### Problem requirements
Leaving the images aside, transcribe all the data below exactly.

- - - -

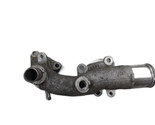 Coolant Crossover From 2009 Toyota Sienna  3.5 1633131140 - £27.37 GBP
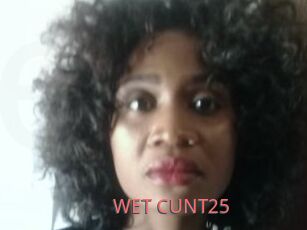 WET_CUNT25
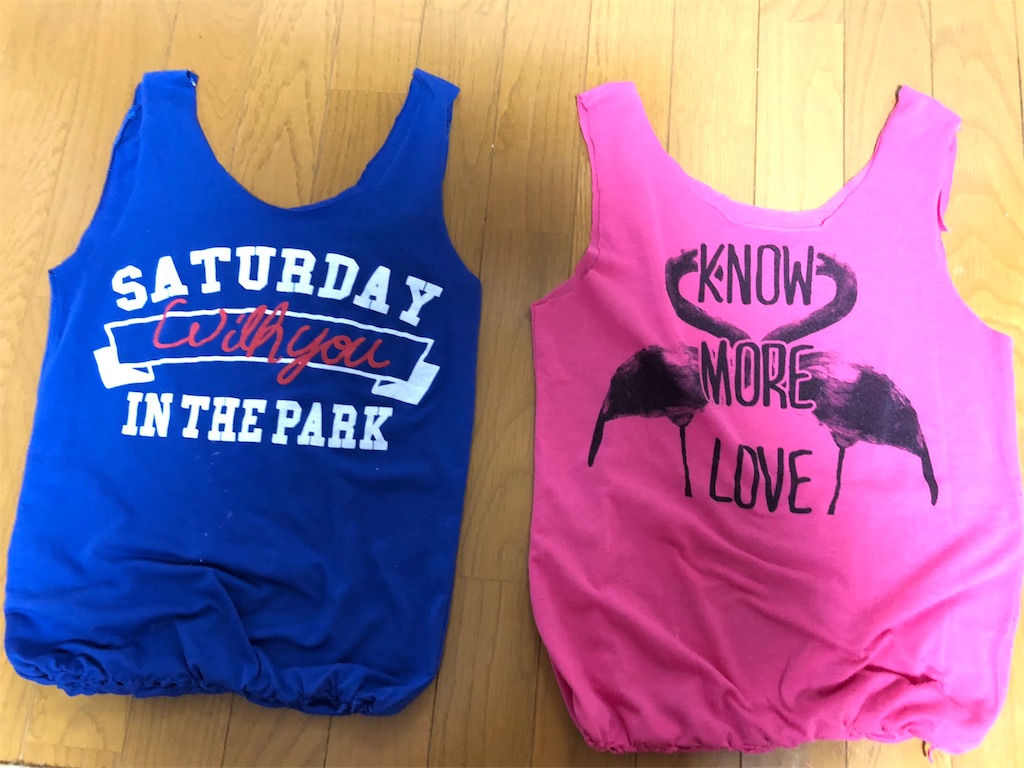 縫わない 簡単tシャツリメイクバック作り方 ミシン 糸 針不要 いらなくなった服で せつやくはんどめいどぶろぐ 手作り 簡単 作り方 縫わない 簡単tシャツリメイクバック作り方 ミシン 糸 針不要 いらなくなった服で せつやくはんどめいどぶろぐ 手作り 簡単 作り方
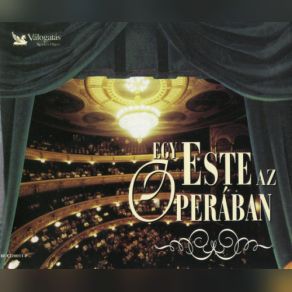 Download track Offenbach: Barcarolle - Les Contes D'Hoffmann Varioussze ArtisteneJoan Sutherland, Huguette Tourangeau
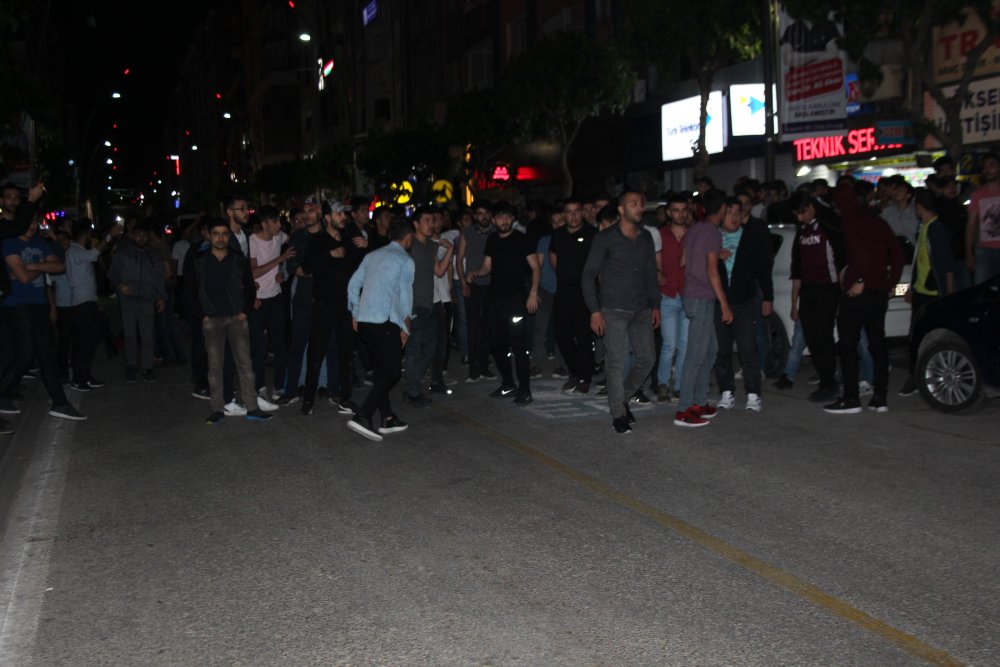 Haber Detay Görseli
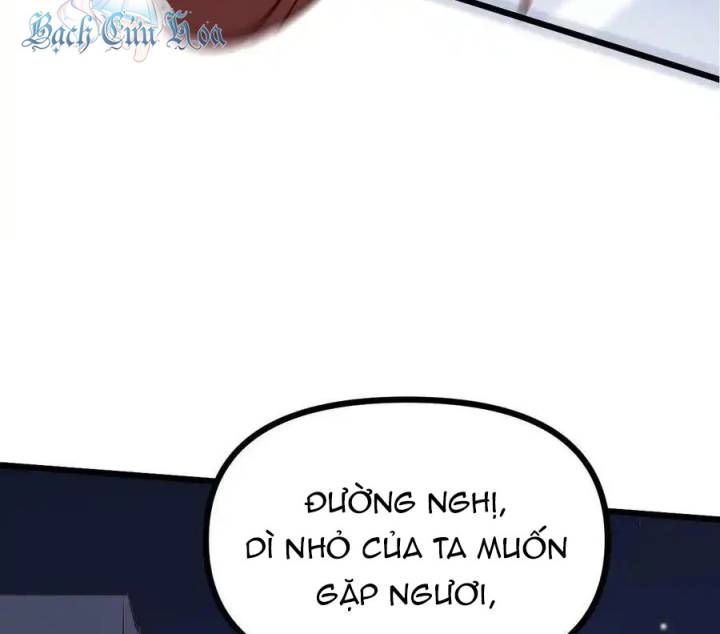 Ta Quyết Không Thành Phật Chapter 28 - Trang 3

- - - -

### Your response
 Coolant Crossover From 2009 Toyota Sienna  3.5 1633131140 - £27.37 GBP
 WET_CUNT25
 縫わない 簡単tシャツリメイクバック作り方 ミシン 糸 針不要 いらなくなった服で せつやくはんどめいどぶろぐ 手作り 簡単 作り方 縫わない 簡単tシャツリメイクバック作り方 ミシン 糸 針不要 いらなくなった服で せつやくはんどめいどぶろぐ 手作り 簡単 作り方
 Download track Offenbach: Barcarolle - Les Contes D'Hoffmann Varioussze ArtisteneJoan Sutherland, Huguette Tourangeau
 Haber Detay Görseli
 Ta Quyết Không Thành Phật Chapter 28 - Trang 3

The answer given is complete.